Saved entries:
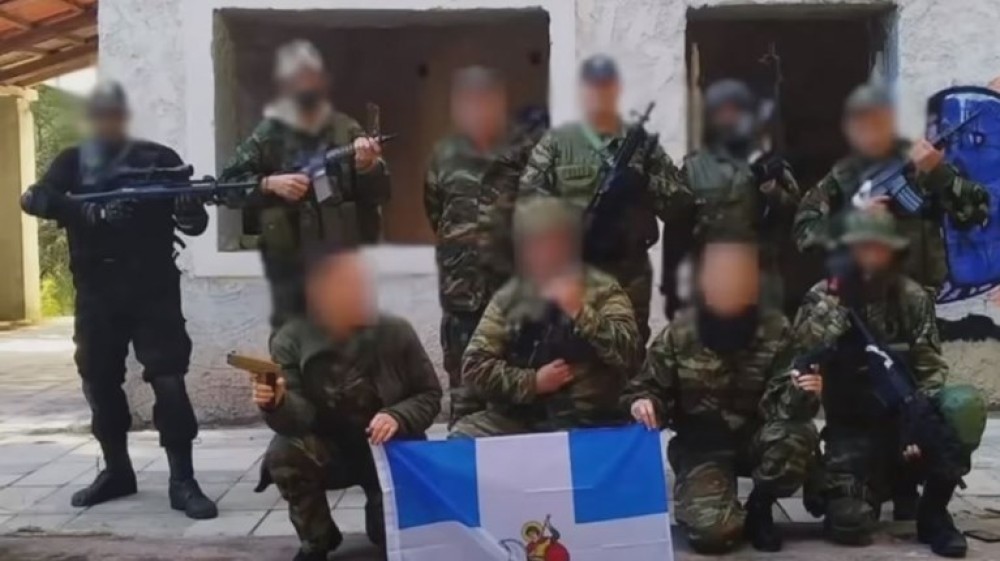 Αρνητές απειλούν με εκτελέσεις: Οι ιερές δηλώσεις και ο βαρύς οπλισμός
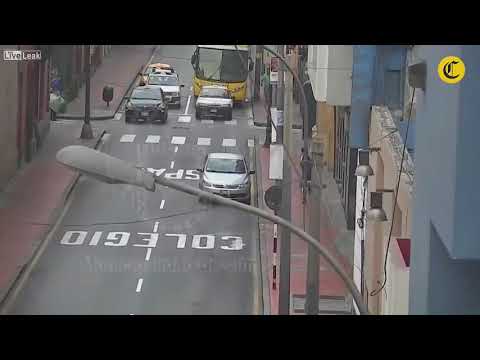 لايف ستايلشاهد: مطاردة لص سرق فتاة تنتهي بعلقة ساخنة84640/0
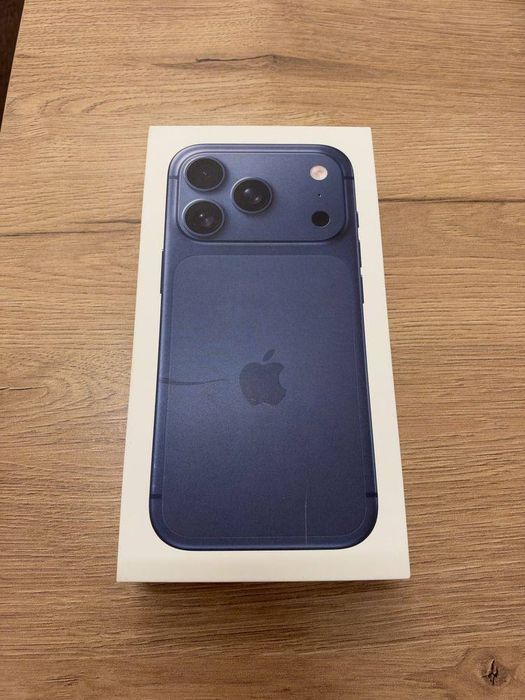 Iphone 17 pro Deep Blue останій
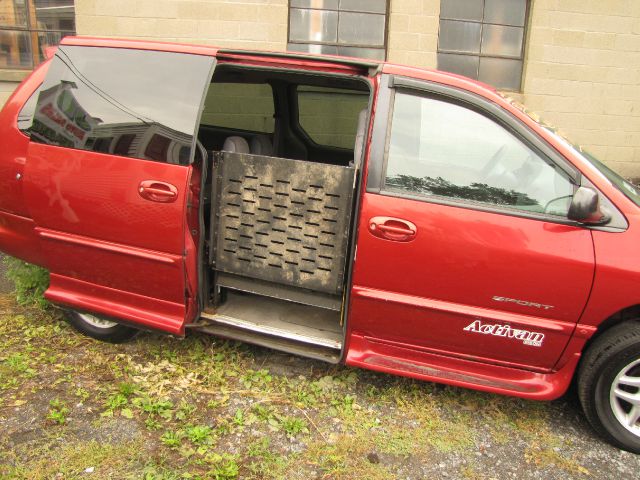 2000 Dodge Grand Caravan GLS 4 Dr Sedan FWD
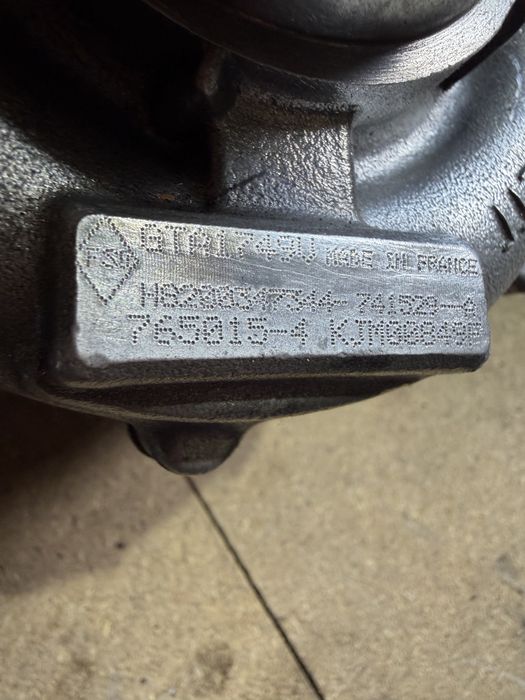 Turbo / Turbina Renault / Nissan 2.0 Diesel M9R : H8200638766 / H8200347344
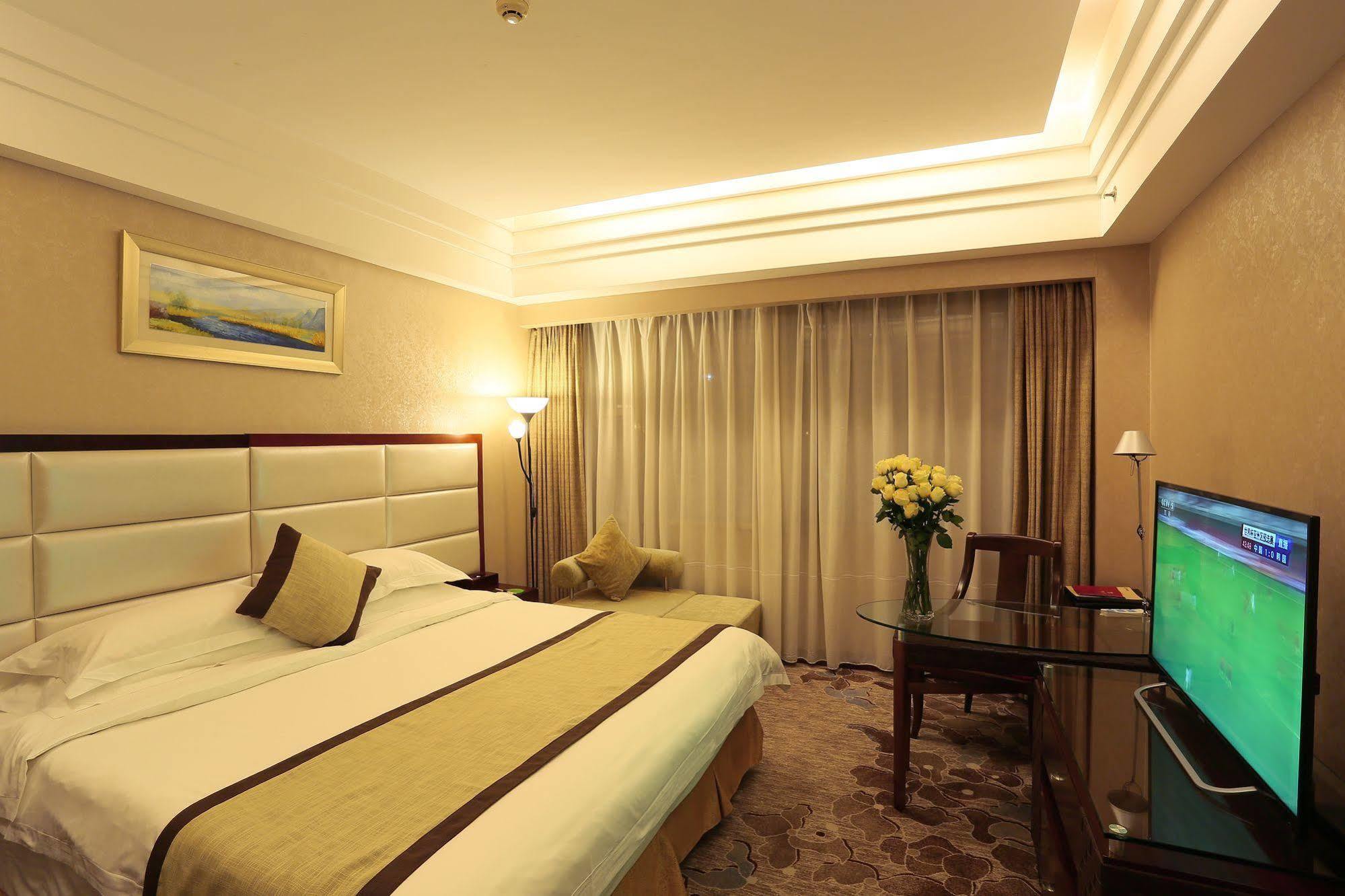 Shenzhen Fortune Hotel Exterior photo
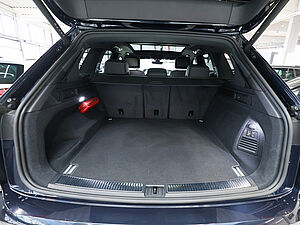 Volkswagen Touareg R-Line 3.0 TDI 4M 36 navigation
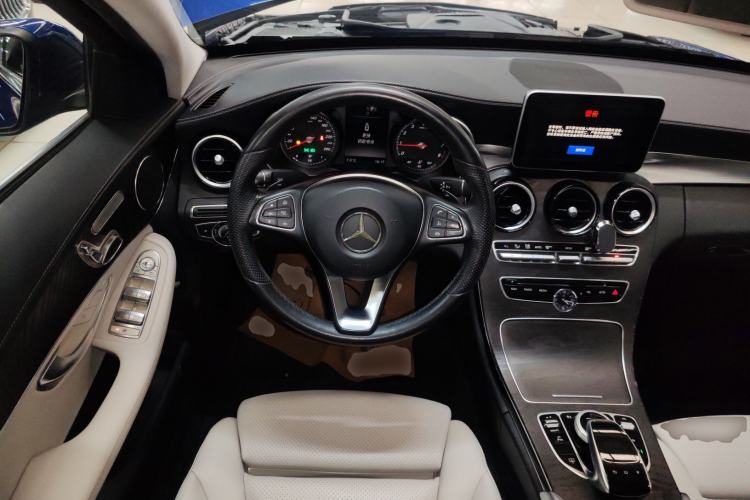 Used Mercedes-Benz C-Class 2015 C 200 L Sport Edition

* _TASK OBJECTIVE_:
The answer must reproduce every line of the records above exactly, with all pictures left out.

* _RESULT OF THE EXERCISE_:
 Αρνητές απειλούν με εκτελέσεις: Οι ιερές δηλώσεις και ο βαρύς οπλισμός
 لايف ستايلشاهد: مطاردة لص سرق فتاة تنتهي بعلقة ساخنة84640/0
 Iphone 17 pro Deep Blue останій
 2000 Dodge Grand Caravan GLS 4 Dr Sedan FWD
 Turbo / Turbina Renault / Nissan 2.0 Diesel M9R : H8200638766 / H8200347344
 Shenzhen Fortune Hotel Exterior photo
 Volkswagen Touareg R-Line 3.0 TDI 4M 36 navigation
 Used Mercedes-Benz C-Class 2015 C 200 L Sport Edition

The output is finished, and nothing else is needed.